**Task requirements:** Full transcription, minus images: write out the listing below exactly as it appears.

**Collected data:**
= = = = =

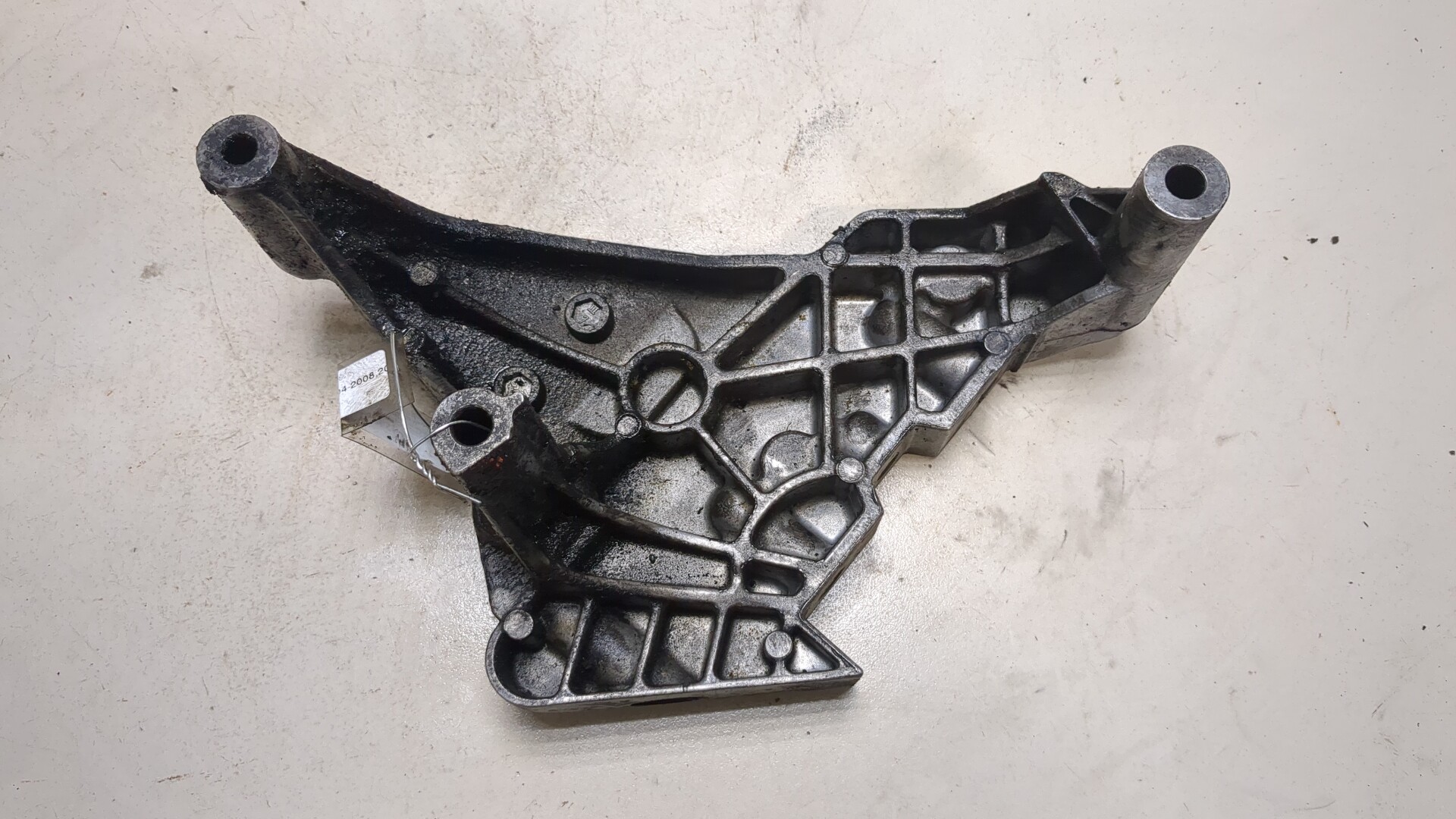 Кронштейн двигателя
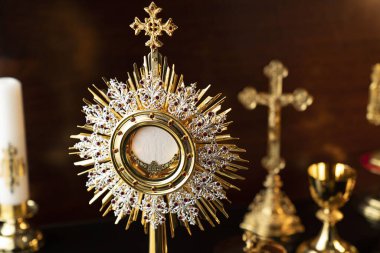 Katolik dini kavramı. Katolik sembolleri: Haç, Monstrance ve Altın Kadeh.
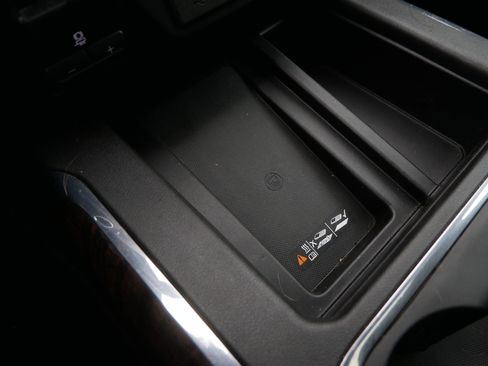 Used 2021 GMC Sierra 1500 Denali w/ Denali Ultimate Package image 36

= = = = =

**Answer area:**
 Кронштейн двигателя
 Katolik dini kavramı. Katolik sembolleri: Haç, Monstrance ve Altın Kadeh.
 Used 2021 GMC Sierra 1500 Denali w/ Denali Ultimate Package image 36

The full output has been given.